O ataque do último sábado (2) contra dois vilarejos no oeste do Níger é um dos piores massacres de civis no país da África Ocidental, com frequência visado por grupos terroristas. Segundo último balanço, ao menos 100 pessoas foram assassinadas. A chacina ocorreu entre os dois turnos da eleição presidencial nigerina e é um desafio para a democracia de uma das nações mais pobres do mundo.

De acordo com Almu Hassan, prefeito do município de Tondikiwindi, onde estão localizados os dois povoados atacados, até agora foram registrados 70 mortos em Tchombangou e 30 em Zarumadareye. Esse balanço de mortos foi confirmado pelo governador da região à RFI. Ao menos 25 pessoas ficaram feridas.
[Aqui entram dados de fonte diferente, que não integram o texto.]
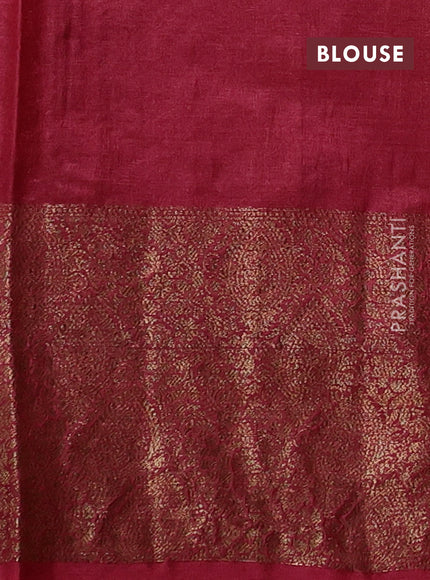Peacock Blue & Maroon Banarasi Tussar Silk Saree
Os dois lugarejos, separados por 7 km de distância, estão localizados a 120 km ao norte da capital Niamey, na região de Tillabéri, na fronteira com Mali e Burkina Faso. Conhecida como a região das "três fronteiras", ela é, há anos, um alvo de frequentes ações de grupos jihadistas.

O prefeito disse que "centenas" de terroristas, divididos em duas colunas, invadiram os locais em motocicletas. Eles cercaram os povoados e entraram atirando. Os vilarejos, e principalmente os locais de estocagem de alimentos, também foram incendiados. Uma verdadeira "tática de destruição total", apontou um observador.

Vingança

Várias fontes garantem que o ataque foi uma vingança pela morte de dois jihadistas que haviam tentado entrar anteriormente no vilarejo. Eles foram mortos por grupos de autodefesa da localidade.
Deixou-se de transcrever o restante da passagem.